The Granite State Housing Market:

The housing market in New Hampshire is influenced by several parameters. Generally, these are sorted into four main categories, each of which affects the pricing of houses in various ways.

Mortgage Interest Rates play a major role in the current New Hampshire housing market as they determine how accessible buyers can get mortgages. If interest rates drop, home prices tend to as well, due to increased demand from borrowers whose purchasing power has increased. The relations between mortgage interest rates and home prices are inverse.

Similarly, the country’s economic performance has an impact on current housing trends in NH and throughout the US — GDP growth rate, employment ratio and quality of living all affect people’s abilities and inclinations to purchase real estate property.
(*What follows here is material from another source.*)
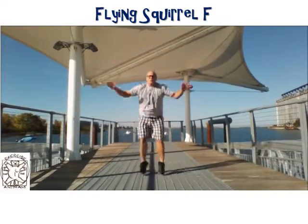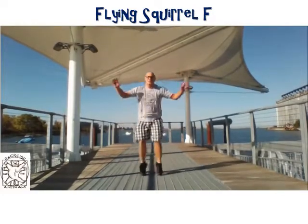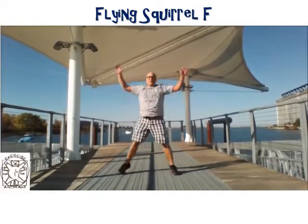Ready? One, two, three, four, five, and hold it.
Demographics must also be taken into account when determining potential price fluctuations; population composition based on age, gender income level etc. largely determines what type of real estate property will be most sought-after at any given point in time. Finally, yet importantly, changes to government policies directly impacting taxation or subsidies may also have tangible effects on New Hampshire’s housing market news and prices overall.

What is a housing bubble?

A housing market bubble occurs when the demand for homes increases beyond what is available in the supply. This is often seen with a significant incline in housing prices, driven by an influx of buyers – including investors like flippers and wholesalers. Eventually, home prices reach unsustainable heights, leaving it unaffordable for the average or even higher earners.

With mortgage interest rates reaching record highs, home sales declining by 22.5% Y-O-Y, and inventory remaining low at 3.2 months’ supply, most economists agree that a housing bubble is present.
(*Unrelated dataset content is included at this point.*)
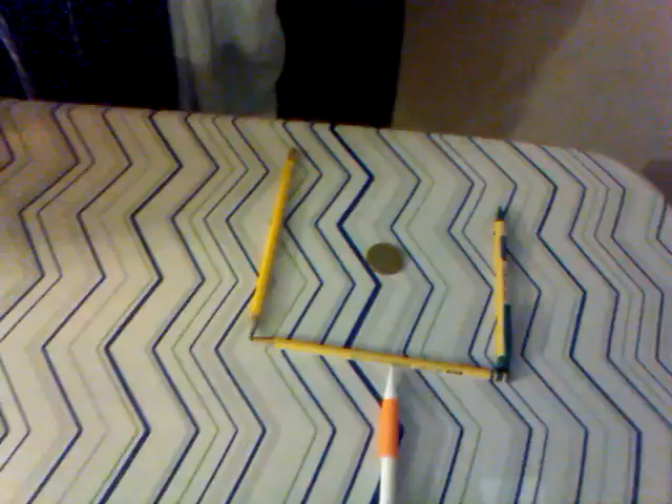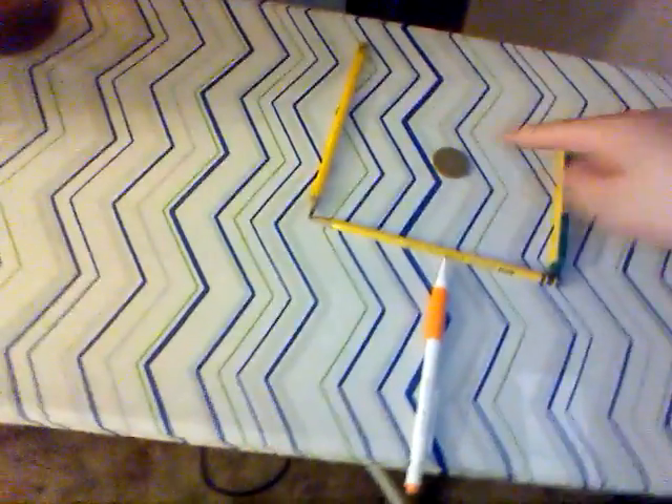You've got to think of this thing as a field goal right here, and you can do it with straws, toothpicks, matches, whatever. So you want this outside of that.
The housing market typically suffers from a bubble burst when the demand for houses diminishes while the supply continues to increase. Higher interest rates make homeownership unaffordable; economic downfall reduces individuals’ disposable income; and higher credit standards limit access to mortgages, all consequently resulting in increased market supply and decreased demand for housing—ultimately leading to a drop in prices and sales.
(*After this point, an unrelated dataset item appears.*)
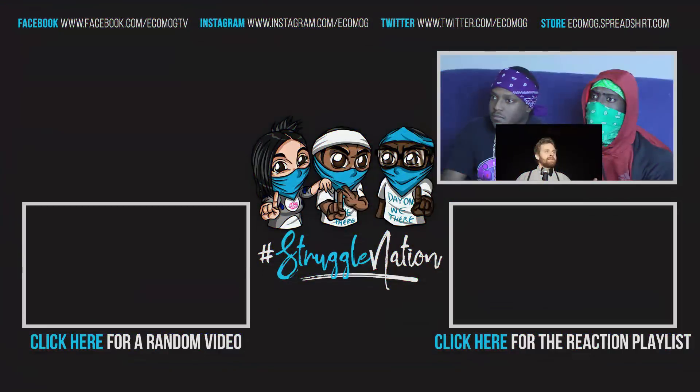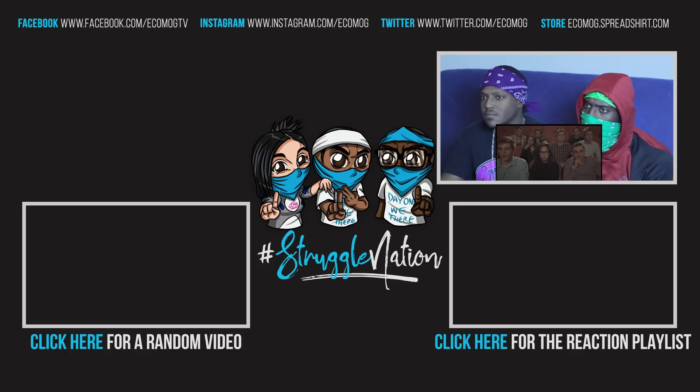Then I decided that animals were not to be treated like that. She's kind of bad — she's cute, damn.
Will the NH Housing Bubble POP?

We need to remember, there is still a significantly low inventory. The supply of newly constructed houses has yet to return to pre-2007 levels meaning, it’s unlikely that builders will be able to buy land, get regulatory approval, and increase the supply very quickly. There’s a strong demand for homes across various demographics, so there are buyer’s waiting in the wings as soon as inventory increases. Additionally, lenders today place high standards on borrowers, requiring good credit and at least small down payments. A majority of homeowners own significant equity in their homes. The financial health of the average homeowner today is much stronger today than it was 15 years ago. So although foreclosures never stopped, and may continue to rise as the end of Covid relief programs find some homeowners unable to make payments, there is no real threat of a foreclosure crisis at this time.

Economists believe the housing market will slow down here in the Granite State, but not crash soon. Prices will fall, but not to the extent homeowners experienced during the Great Recession.